## Task item:
With the images left out, print all of the records below exactly.

## Dataset entries:

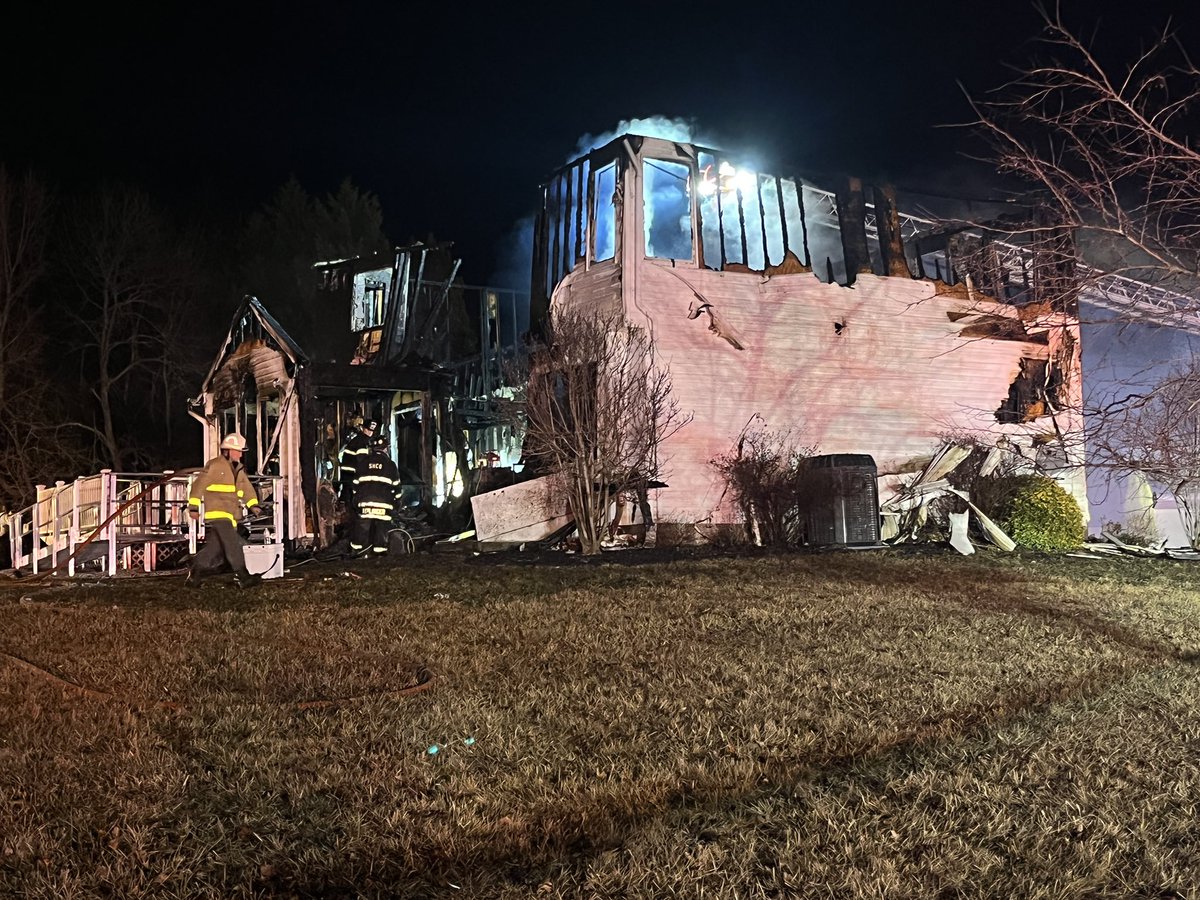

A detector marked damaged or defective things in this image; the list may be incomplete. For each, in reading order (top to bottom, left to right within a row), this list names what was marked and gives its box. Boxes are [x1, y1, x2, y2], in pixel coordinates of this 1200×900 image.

burned house [192, 243, 520, 549]
fire-damaged second story [192, 243, 520, 549]
burned house [525, 135, 1089, 542]
fire-damaged second story [530, 135, 1094, 535]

## Task output:
A detector marked damaged or defective things in this image; the list may be incomplete. For each, in reading order (top to bottom, left to right within a row), this list names what was marked and gives its box. Boxes are [x1, y1, x2, y2], in pixel coordinates of this 1200×900 image.

burned house [192, 243, 520, 549]
fire-damaged second story [192, 243, 520, 549]
burned house [525, 135, 1089, 542]
fire-damaged second story [530, 135, 1094, 535]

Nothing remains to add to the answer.